Medline ® Abstract for Reference 64
Leiomyosarcoma of the inferior vena cava: survival after aggressive management.
Ito H, Hornick JL, Bertagnolli MM, George S, Morgan JA, Baldini EH, Wagner AJ, Demetri GD, Raut CP
Ann Surg Oncol. 2007;14(12):3534.
BACKGROUND: Leiomyosarcoma (LMS) of the inferior vena cava (IVC) is exceedingly rare. The role of adjuvant therapy remains undefined. This study evaluated outcomes after aggressive management.
METHODS: Records on 20 patients undergoing surgery for IVC LMS between January 1990 and April 2006 were retrieved. Histology was confirmed upon re-review. Most patients received perioperative chemotherapy (CT), radiation therapy (RT), or both (CRT). Disease-free and overall survival (DFS, OS) rates were calculated using the Kaplan-Meier method.

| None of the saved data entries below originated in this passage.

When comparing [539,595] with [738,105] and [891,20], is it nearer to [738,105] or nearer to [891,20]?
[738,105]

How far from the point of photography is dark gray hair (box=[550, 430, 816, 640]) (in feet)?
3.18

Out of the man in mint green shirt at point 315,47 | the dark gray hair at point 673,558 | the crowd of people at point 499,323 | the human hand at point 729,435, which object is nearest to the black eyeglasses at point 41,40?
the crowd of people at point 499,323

RESULTS: Twenty patients (60% women, median age 57 years) with primary IVC LMS were treated with curative intent. Median follow-up was 41 months. All patients underwent resection of the primary tumor; one was found to have unresectable liver metastases. The IVC was managed with ligation (3), primary repair (12), or prosthetic graft (5). Additional organs were resected in 14 (70%) patients. Chemotherapy and/or RT were administered to 9 (45%) patients preoperatively (CT 2, RT 6, CRT 1) and 8 (40%) postoperatively (CT 4, RT 1, CRT 3).Median DFS was 21 months. Of 13 (68%) patients who developed recurrence, 4 underwent surgery, and 11 received CT. Median OS for 19 patients who underwent complete resection was 71 months. Tumor size was associated with disease recurrence (P = .004). No variables were prognostic for OS.
CONCLUSIONS: Patients with IVC LMS treated with curative intent develop early recurrent disease. Nevertheless, long-term OS can be achieved even in the setting of metastatic disease. The independent impact of perioperative CT, RT, or CRT treatments cannot be adequately determined.
Department of Surgery, Brigham and Women's Hospital, Dana-Farber Cancer Institute, and Harvard Medical School, Boston, MA, USA.